The case described in this report was handled as part of the regular clinical caseload at the university teaching hospital; an IACUC or other ethical approval was not necessary. All facets of this patient’s care had the owner’s consent.

References

  1. Bongiorno D, Di Stefano V, Indelicato S, Avellone G, Ceraulo L, et al. (2021)Bio‐phenols determination in olive oils: Recent mass spectrometry approaches. Mass Spectrometry Reviews: 21744.
  2. Indexed at, Google Scholar, Crossref

  3. Wang S, Blair IA, Mesaros C (2019) Analytical methods for mass spectrometry-based metabolomics studies. Advancements of Mass Spectrometry in Biomedical Research: 635-647.
  4. Indexed at, Google Scholar, Crossref

  5. Jang KS, Kim YH (2018) Rapid and robust MALDI-TOF MS techniques for microbial identification: a brief overview of their diverse applications. Journal of Microbiology 56:209-216.
  6. Indexed at, Google Scholar, Crossref

  7. Kim E, Kim J, Choi I, Lee J, Yeo WS, et al. (2020) Organic matrix-free imaging mass spectrometry.
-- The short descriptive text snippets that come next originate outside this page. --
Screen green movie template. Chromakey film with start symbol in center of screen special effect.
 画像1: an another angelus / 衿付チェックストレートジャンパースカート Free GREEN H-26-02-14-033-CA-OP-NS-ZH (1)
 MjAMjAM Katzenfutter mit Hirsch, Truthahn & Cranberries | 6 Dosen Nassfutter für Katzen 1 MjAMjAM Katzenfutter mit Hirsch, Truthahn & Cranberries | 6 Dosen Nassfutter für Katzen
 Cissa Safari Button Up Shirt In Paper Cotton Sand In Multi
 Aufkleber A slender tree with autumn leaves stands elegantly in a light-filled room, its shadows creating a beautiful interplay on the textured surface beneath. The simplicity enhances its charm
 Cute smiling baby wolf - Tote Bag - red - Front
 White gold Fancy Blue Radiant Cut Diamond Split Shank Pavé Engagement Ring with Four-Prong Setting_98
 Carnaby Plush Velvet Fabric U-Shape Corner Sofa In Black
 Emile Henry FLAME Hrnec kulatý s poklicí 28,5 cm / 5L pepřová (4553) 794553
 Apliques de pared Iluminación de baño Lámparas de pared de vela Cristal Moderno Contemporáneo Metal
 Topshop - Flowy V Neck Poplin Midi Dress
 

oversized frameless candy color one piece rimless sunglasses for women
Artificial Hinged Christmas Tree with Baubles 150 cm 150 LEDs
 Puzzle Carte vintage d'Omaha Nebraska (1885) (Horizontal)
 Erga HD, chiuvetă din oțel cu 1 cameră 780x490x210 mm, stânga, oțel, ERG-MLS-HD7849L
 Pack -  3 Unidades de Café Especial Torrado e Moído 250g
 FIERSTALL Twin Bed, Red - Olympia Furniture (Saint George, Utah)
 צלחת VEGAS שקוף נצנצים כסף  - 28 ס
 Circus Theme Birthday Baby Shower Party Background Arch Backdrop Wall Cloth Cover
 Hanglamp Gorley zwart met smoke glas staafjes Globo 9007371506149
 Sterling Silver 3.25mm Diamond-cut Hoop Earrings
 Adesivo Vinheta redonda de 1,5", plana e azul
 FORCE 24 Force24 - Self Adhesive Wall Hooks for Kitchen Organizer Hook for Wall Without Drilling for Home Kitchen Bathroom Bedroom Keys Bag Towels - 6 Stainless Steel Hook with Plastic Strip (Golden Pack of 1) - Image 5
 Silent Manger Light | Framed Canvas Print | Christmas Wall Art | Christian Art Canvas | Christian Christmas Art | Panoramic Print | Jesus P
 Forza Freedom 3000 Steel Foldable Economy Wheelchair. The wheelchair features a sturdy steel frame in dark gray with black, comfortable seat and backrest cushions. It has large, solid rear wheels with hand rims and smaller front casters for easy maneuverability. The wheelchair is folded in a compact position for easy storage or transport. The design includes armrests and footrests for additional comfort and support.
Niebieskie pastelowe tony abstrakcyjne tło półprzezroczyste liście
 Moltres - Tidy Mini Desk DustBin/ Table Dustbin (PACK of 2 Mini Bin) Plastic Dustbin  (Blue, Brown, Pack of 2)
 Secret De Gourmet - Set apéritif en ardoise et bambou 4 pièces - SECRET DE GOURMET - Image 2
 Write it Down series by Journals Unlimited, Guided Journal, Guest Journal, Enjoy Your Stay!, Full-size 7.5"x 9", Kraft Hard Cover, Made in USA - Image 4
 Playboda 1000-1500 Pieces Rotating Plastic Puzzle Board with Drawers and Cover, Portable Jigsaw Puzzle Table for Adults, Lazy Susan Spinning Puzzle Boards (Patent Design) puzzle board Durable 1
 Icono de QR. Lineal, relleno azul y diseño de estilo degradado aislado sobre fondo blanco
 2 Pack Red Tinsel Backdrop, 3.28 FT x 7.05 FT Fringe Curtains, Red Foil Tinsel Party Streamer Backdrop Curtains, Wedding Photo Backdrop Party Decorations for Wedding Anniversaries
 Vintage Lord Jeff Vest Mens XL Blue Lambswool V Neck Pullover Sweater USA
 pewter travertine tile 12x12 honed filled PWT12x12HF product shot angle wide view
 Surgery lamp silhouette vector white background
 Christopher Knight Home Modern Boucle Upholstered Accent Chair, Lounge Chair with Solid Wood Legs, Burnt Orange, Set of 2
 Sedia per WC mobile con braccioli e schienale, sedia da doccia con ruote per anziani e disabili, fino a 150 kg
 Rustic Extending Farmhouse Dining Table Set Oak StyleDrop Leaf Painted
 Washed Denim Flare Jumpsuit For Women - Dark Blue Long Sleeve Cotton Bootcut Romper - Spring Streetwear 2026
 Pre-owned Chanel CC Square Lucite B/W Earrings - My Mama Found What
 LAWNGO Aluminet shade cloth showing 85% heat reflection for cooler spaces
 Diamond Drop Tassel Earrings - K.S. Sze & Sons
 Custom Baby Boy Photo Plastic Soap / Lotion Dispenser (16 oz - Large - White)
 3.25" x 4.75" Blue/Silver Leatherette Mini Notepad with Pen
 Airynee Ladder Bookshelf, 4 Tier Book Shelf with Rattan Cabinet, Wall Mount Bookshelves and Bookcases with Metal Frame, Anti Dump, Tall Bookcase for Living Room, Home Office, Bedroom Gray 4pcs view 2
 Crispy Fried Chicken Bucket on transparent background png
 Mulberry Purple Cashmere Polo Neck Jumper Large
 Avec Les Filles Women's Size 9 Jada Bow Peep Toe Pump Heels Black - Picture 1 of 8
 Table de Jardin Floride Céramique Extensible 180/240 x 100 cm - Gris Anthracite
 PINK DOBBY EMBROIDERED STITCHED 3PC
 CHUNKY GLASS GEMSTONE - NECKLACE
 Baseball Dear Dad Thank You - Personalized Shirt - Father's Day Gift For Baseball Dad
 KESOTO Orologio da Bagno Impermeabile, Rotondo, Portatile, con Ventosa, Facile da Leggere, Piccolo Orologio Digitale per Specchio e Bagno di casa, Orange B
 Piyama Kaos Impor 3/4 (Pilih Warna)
BMB reports 53:349.
  8. Indexed at, Google Scholar, Crossref

  9. Wang Y, Han Y, Hu W, Fu D, Wang G (2020) Analytical strategies for chemical characterization of bio‐oil. Journal of separation science 43:360-371.
  10. Indexed at, Google Scholar, Crossref

  11. Ishii K, Zhou M, Uchiyama S (2018) Native mass spectrometry for understanding dynamic protein complex. Biochim Biophys Acta Gen Subj 1862:275-286.
  12. Indexed at, Google Scholar, Crossref

  13. Takeo E, Sasano R, Shimma S, Bamba T, Fukusaki E, et al.  (2017) Solid-phase analytical derivatization for gas-chromatography–mass-spectrometry-based metabolomics. Journal of bioscience and bioengineering 124:700-706.
  14. Indexed at, Google Scholar, Crossref

  15. Micalizzi G, Vento F, Alibrando F, Donnarumma D, Dugo P, et al. (2021) Cannabis Sativa L.: A comprehensive review on the analytical methodologies for cannabinoids and terpenes characterization. Journal of Chromatography A 1637: 461864.
  16. Indexed at, Google Scholar, Crossref

  17. Zhu S, Zhao XE, Liu H (2021) Recent advances in chemical derivatization-based chromatography-mass spectrometry methods for analysis of aldehyde biomarkers. Se pu Chinese Journal of Chromatography 39:845-854.
  18. Indexed at, Google Scholar, Crossref

  19. Grimm R (2021) How Modern Mass Spectrometry Can Solve Ancient Questions: A Multi-Omics Study of the Stomach Content of the Oldest Human Ice Mummy, the 5300-Year-Old Iceman or Oetzi. In Proteomic Profiling: 1-12.
  20. Indexed at, Google Scholar, Crossref

Citation: Clara H (2023) Engineering Methylotrophic Yeasts for Biotechnology Applications. J Anal Bioanal Tech 14: 502.

Copyright: © 2023 Clara H. This is an open-access article distributed under the terms of the Creative Commons Attribution License, which permits unrestricted use, distribution, and reproduction in any medium, provided the original author and source are credited.